Из всех своих достижений сам Архимед больше всего гордился доказательством того, что объем шара, вписанного в цилиндр, составляет две трети объема цилиндра. Он завешал изобразить на своей могильной плите цилиндр с вписанным в него шаром. Римский полководец Марцелл, солдат которого убил Архимеда после взятия Сиракуз, (как утверждают, вопреки распоряжению Марцелла), разрешил родственникам Архимеда выполнить завещание покойного.

Аполлоний прославился, главным образом, своей работой по теории конических сечений.
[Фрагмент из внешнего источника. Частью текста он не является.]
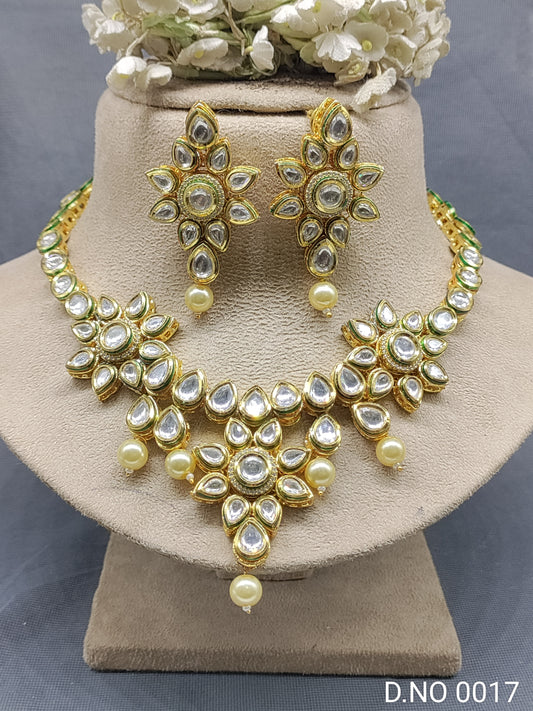 Golden Kundan Necklace Set Sku 0017 rchiecreation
Фактически эта работа — последовательное алгебраическое исследование кривых второго порядка, выраженное на геометрическом языке. В наше время все результаты, полученные Аполлонием, может легко проверить любой студент, используя методы аналитической геометрии. Но, чтобы сделать то же в рамках чисто геометрического подхода, Аполлонию потребовалось проявить чудеса математической интуиции и изобретательности.

11.4. Упадок греческой математики

Б. Ван дер Варден пишет2:

После Аполлония греческая геометрия сразу кончается. Правда, были еще эпигоны, вроде Диокла и Зенодора, которые время от времени решали некоторые задачи, оставшиеся им от Архимеда и Аполлония, словно крохи от пира великих. Писались еще, правда, произведения типа сборников вроде сочинения Паппа Александрийского (300 г.); математика еще применялась для практических или астрономических задач, причем разрабатывалась плоская и сферическая тригонометрия. Но, кроме тригонометрии, ничего значительного, ничего нового уже не появлялось. Геометрия конических сечений дожила до Декарта в той форме, какую придал ей Аполлоний; произведения Аполлония читались очень мало, а частью были также утрачены. «Метод» Архимеда также был потерян из вида, и проблема интегрирования оставалась без движения, пока за нее не взялись снова в XVII в. ...
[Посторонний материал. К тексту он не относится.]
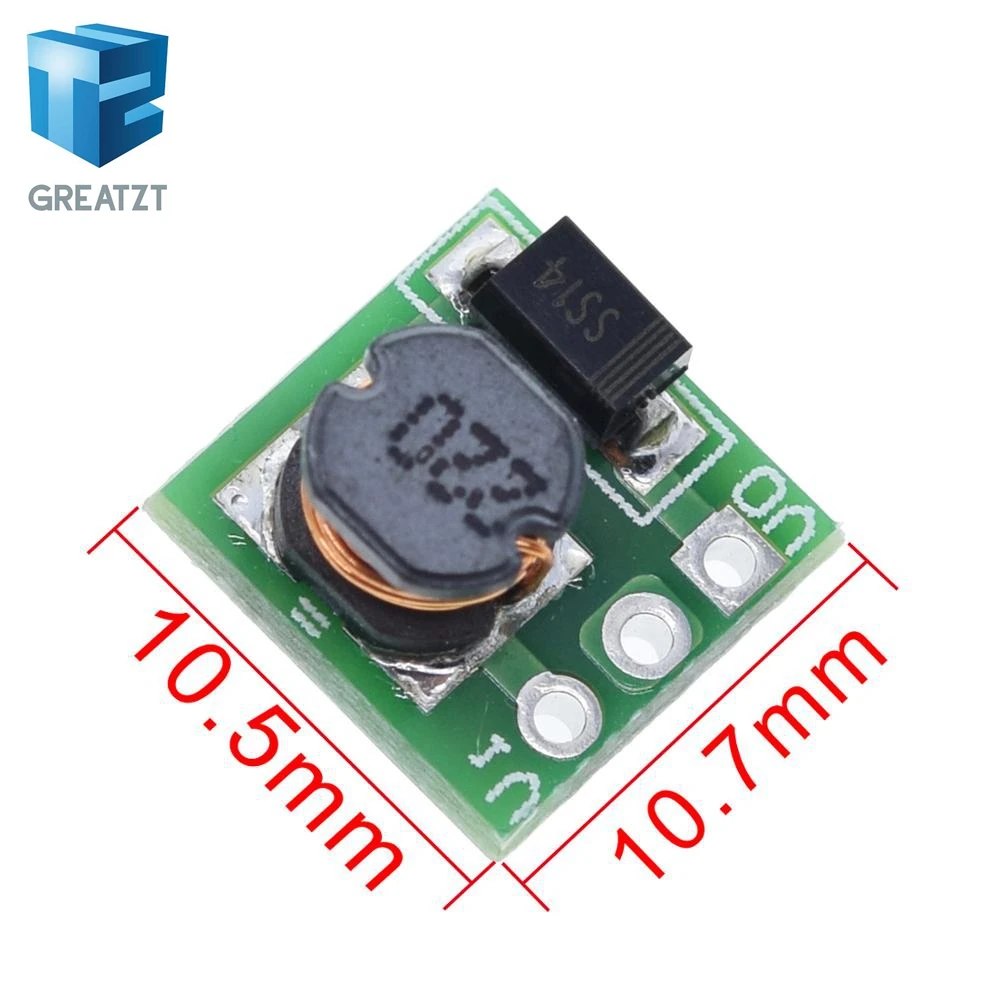 GREATZT 1 шт./5 шт. 0,9-5 В до 5 В DC-DC повышающий модуль питания, плата повышающего преобразователя напряжения 1,5 В 1,8 В 2,5 В 3 В 3,3 В 3,7 В 4,2 В до 5 В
Упадок греческой математики частично был вызван причинами внешнего порядка — политическими бурями, охватившими Средиземноморскую цивилизацию. Однако решающее значение имели все же внутренние причины. В астрономии, замечает Ван дер Варден, развитие шло все время по восходящей линии; тут бывали короткие и длинные остановки, но после их окончания работа возобновлялась с того места, где она остановилась. В геометрии же имел место явный регресс. Причина кроется, конечно, в отсутствии алгебраического языка. У Ван дер Вардена мы читаем:

Уравнения первой и второй степени можно было хорошо передать на языке геометрической алгебры; в крайнем случае, это было возможно для уравнений третьей степени. Но пойти дальше можно было, только пользуясь громоздкими и утомительными средствами пропорций.

Гиппократ, например, приводил кубические уравнения x3 = V к пропорции

a : х = х : у = у : b,

а Архимед писал уравнение третьей степени

х2(a - х) = 2

в виде пропорции

(a - x) : b = c2 : x2.

Этим путем еще можно добраться до уравнений четвертой степени; примеры этого, пожалуй, можно найти и у Аполлония. Однако дальше пойти нельзя; больше того, чтобы получать результаты этим в высшей степени сложным методом, нужно было еще обладать математическим гением и быть весьма искушенным по части преобразования пропорций при помощи геометрических фигур. Нашими алгебраическими обозначениями может пользоваться каждый инженер или естествоиспытатель, а греческой теорией пропорций и геометрической алгеброй —только очень одаренный математик.

К этому присоединяется еще другое обстоятельство, а именно трудность письменной передачи.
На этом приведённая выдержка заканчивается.